> **WORK ITEM**
When you reach the line with "Bodystocking Lace Crotchless z odprtinami Bodystocking" in the records below, begin transcribing exactly and continue up to and including the line with "Hey Dude Cheetah Pattern Casual Shoes", leaving out every picture.

[Captioned web images]
BEGIN
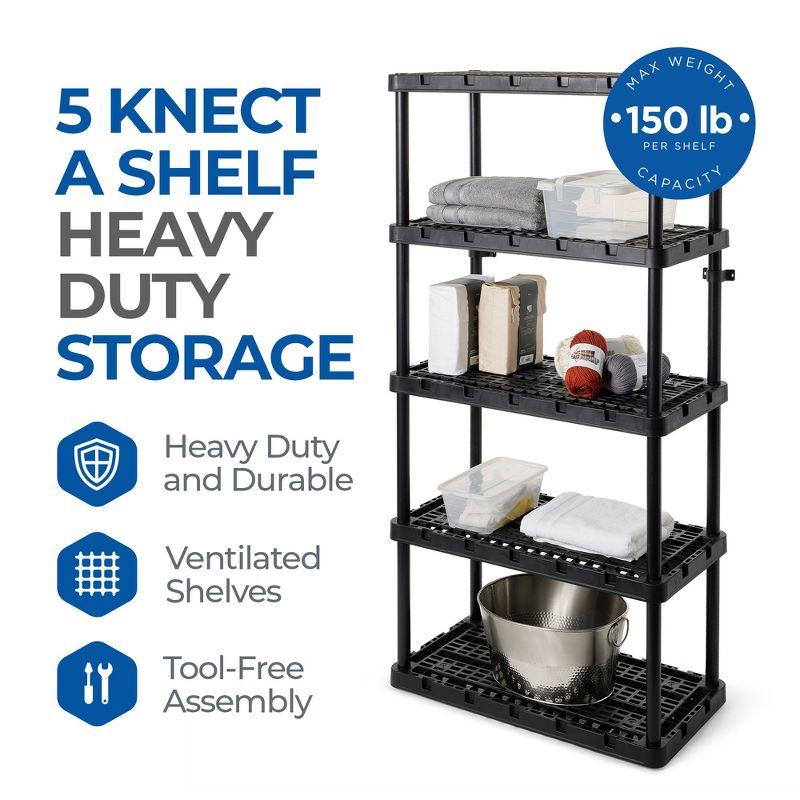 36'' W Plastic Shelving Unit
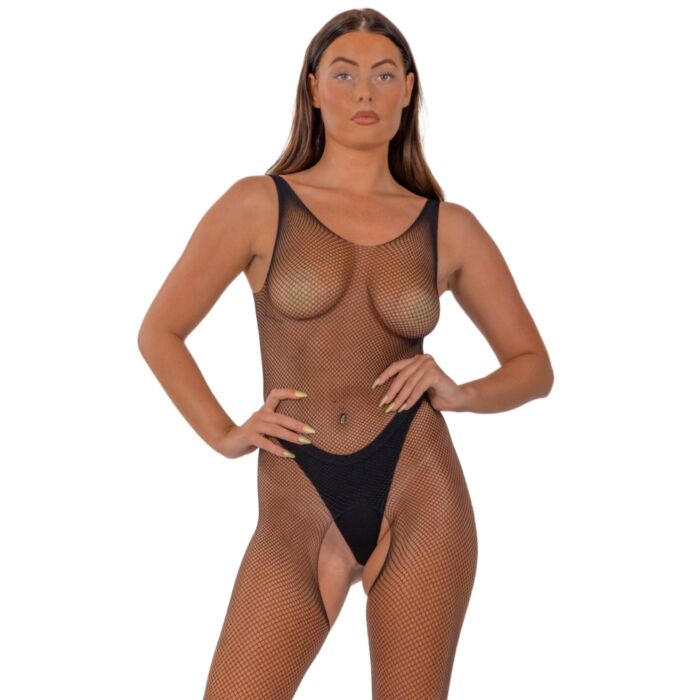 Bodystocking Lace Crotchless z odprtinami Bodystocking Lace Crotchless z odprtinami
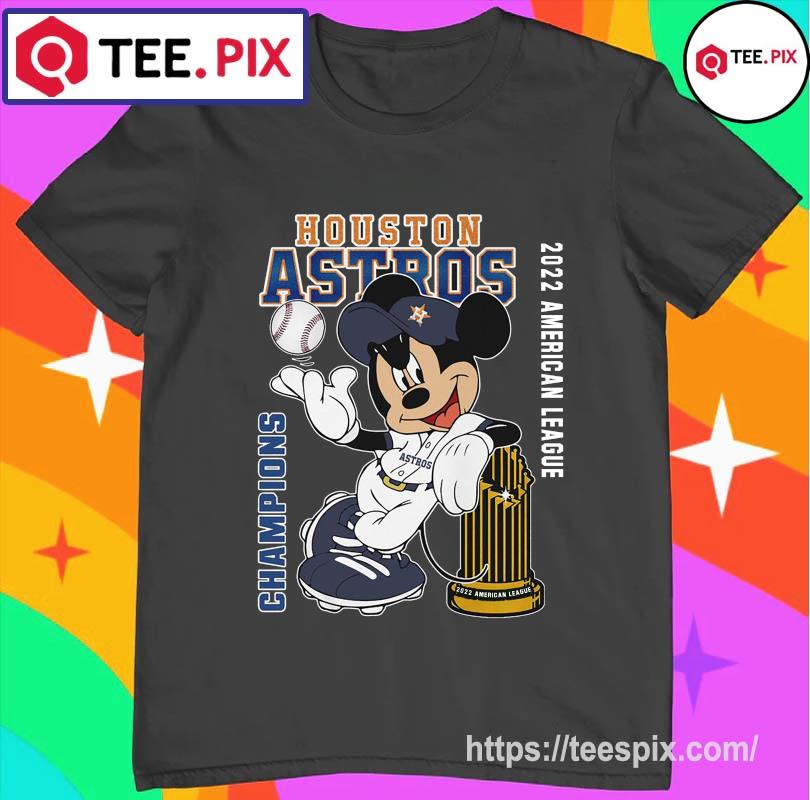 Official Mickey Mouse Houston Astros 2022 American League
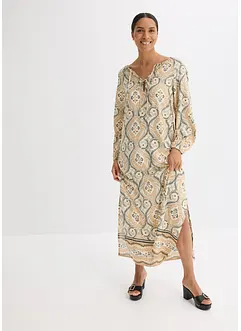bedrucktes Kaftan-Kleid aus fließender Viskose, bonprix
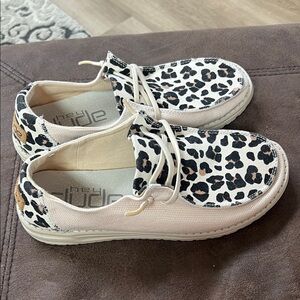 Hey Dude Cheetah Pattern Casual Shoes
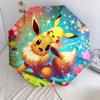 Pikachu and Eevee  pattern, automatic folding umbrella, portable and foldable design, 8 ribs, a Christmas or birthday gift.
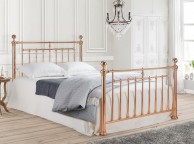 Time Living Alexander 5ft Kingsize Rose Gold Metal Bed Frame Thumbnail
END
> **ANSWER TO THIS TASK**
 Bodystocking Lace Crotchless z odprtinami Bodystocking Lace Crotchless z odprtinami
 Official Mickey Mouse Houston Astros 2022 American League
bedrucktes Kaftan-Kleid aus fließender Viskose, bonprix
 Hey Dude Cheetah Pattern Casual Shoes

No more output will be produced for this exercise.